### DATA FOR THE TASK
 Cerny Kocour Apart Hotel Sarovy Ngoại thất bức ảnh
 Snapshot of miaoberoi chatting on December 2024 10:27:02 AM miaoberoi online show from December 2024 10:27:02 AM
---
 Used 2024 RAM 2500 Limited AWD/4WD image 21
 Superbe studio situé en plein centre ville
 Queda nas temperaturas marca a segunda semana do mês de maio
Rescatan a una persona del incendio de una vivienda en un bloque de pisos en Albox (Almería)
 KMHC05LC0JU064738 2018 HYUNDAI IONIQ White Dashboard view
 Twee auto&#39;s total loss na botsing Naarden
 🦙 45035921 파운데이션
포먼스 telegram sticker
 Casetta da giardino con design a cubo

### AIM OF THE EXERCISE
In the listing above, find the line containing "KMHC05LC0JU064738 2018 HYUNDAI" and the line containing "Casetta da giardino con design a cubo", then repeat those two lines and everything between them exactly.

### FINAL ANSWER
 KMHC05LC0JU064738 2018 HYUNDAI IONIQ White Dashboard view
 Twee auto&#39;s total loss na botsing Naarden
 🦙 45035921 파운데이션
포먼스 telegram sticker
 Casetta da giardino con design a cubo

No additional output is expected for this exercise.